In Russian erotic tales, copulation is frequently stated in terms of inverted parallelism; the same is true of wedding songs, with the difference that in the latter, the constructions using metaphors are not usually justified, while in the former these metaphors find motivation as the means by which the cunning hero can seduce the fair maid, or as an interpretation of human copulation by an animal incapable of comprehending it. From time to time, the consistent motivation and justification of poetic constructions have also been called realism. Thus the Czech novelist Capek-Chod in his tale, "The Westernmost Slav," slyly calls the first chapter, in which "romantic" fantasy is motivated by typhoid delirium, a "realistic chapter."
Let us use E to designate such realism, i.e., the requirement of consistent motivation and realization of poetic devices. This E is often confused with C, B, etc. By failing to distinguish among the variety of concepts latent in the term "realism," theoreticians and historians of art>—in particular, of literature>—are acting as if the term were a bottomless sack into which everything and anything could be conveniently hidden away.
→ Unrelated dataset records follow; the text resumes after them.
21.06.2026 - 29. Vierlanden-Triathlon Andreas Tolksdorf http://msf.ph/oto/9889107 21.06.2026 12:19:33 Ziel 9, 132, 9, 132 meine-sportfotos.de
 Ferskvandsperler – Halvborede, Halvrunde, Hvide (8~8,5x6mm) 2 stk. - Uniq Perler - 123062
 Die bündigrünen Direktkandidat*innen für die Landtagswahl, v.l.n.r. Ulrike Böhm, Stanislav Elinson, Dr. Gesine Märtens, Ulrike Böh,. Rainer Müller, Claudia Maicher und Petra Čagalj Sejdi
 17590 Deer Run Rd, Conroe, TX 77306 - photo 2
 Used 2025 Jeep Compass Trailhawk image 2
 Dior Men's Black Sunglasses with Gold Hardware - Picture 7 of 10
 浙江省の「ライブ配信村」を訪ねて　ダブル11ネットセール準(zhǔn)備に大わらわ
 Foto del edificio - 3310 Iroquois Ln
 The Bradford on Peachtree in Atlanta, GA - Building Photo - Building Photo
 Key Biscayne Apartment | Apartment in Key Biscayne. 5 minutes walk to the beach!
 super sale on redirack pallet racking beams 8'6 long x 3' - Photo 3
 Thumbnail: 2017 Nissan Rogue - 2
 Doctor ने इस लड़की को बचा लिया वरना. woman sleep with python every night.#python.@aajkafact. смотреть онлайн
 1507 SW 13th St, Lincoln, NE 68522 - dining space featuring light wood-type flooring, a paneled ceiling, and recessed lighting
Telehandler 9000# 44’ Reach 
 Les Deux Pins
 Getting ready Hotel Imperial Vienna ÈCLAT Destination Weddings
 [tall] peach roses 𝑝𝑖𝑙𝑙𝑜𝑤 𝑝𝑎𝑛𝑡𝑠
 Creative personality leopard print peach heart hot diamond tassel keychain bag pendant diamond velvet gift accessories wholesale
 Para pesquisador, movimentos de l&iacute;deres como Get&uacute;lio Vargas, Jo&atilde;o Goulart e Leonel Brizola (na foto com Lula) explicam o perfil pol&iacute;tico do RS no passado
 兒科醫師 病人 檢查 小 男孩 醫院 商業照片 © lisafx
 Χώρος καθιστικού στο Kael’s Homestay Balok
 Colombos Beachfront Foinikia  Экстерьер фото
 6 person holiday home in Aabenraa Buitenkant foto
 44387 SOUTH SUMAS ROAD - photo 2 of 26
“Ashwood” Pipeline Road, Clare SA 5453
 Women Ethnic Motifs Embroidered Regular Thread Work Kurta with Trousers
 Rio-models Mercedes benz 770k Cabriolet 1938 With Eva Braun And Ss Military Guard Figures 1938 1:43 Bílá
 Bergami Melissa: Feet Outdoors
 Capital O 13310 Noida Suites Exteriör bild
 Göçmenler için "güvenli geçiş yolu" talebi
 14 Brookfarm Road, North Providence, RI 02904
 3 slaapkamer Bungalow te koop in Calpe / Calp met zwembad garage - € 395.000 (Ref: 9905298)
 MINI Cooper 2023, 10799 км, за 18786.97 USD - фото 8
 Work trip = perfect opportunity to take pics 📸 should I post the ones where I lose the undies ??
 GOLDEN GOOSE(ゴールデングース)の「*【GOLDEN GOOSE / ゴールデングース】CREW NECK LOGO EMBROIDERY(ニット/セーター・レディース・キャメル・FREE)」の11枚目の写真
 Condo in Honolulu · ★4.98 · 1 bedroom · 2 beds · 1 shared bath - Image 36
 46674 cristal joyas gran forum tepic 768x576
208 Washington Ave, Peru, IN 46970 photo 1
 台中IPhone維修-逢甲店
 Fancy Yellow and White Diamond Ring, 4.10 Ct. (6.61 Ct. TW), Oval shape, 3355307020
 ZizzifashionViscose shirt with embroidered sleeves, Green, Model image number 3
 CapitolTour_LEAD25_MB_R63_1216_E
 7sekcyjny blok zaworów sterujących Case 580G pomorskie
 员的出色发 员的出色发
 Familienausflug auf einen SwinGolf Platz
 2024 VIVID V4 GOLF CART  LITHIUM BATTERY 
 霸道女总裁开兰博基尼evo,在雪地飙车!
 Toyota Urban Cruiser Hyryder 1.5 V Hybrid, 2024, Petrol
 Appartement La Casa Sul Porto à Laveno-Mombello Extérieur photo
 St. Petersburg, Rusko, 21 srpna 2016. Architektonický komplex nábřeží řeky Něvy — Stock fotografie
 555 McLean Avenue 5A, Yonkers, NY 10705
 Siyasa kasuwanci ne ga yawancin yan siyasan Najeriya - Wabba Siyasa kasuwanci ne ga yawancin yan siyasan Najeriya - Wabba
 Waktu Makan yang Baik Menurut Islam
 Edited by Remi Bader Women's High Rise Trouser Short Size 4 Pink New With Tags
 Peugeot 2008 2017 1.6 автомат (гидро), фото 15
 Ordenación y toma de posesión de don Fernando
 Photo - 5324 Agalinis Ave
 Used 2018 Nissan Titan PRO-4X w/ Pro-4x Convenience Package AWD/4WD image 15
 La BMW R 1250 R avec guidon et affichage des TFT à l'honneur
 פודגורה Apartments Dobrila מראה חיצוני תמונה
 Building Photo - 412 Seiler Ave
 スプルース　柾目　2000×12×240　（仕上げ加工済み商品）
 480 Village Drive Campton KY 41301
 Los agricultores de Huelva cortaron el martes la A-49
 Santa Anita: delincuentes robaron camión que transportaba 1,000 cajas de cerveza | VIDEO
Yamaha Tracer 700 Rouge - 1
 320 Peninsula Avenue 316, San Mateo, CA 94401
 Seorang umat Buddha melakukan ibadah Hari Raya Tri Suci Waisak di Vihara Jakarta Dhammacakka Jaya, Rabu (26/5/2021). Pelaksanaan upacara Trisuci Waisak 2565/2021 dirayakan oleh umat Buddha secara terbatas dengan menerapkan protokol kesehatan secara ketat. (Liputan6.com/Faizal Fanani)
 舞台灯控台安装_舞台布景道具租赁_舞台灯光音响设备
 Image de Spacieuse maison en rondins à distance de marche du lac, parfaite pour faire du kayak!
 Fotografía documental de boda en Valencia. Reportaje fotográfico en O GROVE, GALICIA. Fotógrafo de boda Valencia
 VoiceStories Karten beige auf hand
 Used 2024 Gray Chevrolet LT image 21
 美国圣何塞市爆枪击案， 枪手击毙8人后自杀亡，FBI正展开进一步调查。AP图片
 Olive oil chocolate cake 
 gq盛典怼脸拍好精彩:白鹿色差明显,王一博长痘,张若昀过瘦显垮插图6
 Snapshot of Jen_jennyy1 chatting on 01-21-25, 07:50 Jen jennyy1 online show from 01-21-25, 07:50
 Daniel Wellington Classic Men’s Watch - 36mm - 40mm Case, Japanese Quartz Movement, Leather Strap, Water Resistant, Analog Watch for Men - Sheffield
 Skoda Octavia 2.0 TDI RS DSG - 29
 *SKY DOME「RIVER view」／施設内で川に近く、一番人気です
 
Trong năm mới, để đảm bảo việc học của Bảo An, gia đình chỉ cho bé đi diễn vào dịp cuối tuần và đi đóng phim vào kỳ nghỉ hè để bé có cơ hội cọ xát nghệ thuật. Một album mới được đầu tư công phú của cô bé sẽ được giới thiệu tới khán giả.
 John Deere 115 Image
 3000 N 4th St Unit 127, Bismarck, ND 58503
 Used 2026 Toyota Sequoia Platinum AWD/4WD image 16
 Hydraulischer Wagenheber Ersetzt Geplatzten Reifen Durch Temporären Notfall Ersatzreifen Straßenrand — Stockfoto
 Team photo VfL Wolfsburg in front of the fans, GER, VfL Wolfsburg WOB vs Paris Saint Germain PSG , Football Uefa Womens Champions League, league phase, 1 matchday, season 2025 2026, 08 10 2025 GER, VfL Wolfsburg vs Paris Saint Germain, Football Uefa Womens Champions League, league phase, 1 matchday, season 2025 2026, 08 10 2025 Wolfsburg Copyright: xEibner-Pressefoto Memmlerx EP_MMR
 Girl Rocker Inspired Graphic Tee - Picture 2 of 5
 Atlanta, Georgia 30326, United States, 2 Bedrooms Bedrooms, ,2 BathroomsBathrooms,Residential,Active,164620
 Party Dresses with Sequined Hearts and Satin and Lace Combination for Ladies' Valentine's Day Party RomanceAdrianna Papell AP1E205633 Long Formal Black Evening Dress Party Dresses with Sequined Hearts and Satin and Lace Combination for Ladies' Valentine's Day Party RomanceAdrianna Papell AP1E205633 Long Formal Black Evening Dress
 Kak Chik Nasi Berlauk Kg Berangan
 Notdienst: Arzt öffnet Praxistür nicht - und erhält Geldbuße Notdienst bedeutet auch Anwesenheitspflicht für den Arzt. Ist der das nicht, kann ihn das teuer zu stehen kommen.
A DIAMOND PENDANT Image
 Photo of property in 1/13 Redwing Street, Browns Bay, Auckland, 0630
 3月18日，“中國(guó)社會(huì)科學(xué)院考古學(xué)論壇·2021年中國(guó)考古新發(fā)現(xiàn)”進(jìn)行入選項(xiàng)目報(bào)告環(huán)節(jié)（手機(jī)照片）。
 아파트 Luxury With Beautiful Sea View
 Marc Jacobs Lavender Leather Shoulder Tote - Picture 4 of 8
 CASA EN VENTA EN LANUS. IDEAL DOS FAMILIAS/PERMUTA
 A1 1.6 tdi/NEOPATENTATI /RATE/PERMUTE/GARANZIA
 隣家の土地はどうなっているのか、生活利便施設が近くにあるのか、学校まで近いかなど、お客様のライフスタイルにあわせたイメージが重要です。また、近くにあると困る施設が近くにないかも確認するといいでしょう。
This objection may be made: no, not everything. No one will call Hoffmann’s fantastic tales realistic. But does this not indicate that there is somehow a single meaning in the word "realism," that there is, after all, a common denominator?
My answer is: no one will call a "key" a "lock," but this does not mean that the word "lock" has only one meaning. We cannot equate with impunity the various meanings of the word "realism" just as we cannot, unless we wish to be called mad, equate a hair lock with a padlock. It is true that the various meanings of some words (for example, "bill") are far more distinct from one another than they are in the case of the word "realism," where we can imagine a set of facts about which we could simultaneously say, this is realism in the meaning of C, B, or A1, etc., of the word. Nevertheless, it is inexcusable to confuse C, B, A1, etc. A term once used in American slang to denote a socially inept person was "turkey." There are probably "turkeys" in Turkey, and there are doubtless men named Harry who are blessed with great amounts of hair. But we may not jump to conclusions concerning the social aptitudes of the Turks nor the hairiness of men named Harry. This "commandment" is self-evident to the point of imbecility, yet those who speak of artistic realism continually sin against it.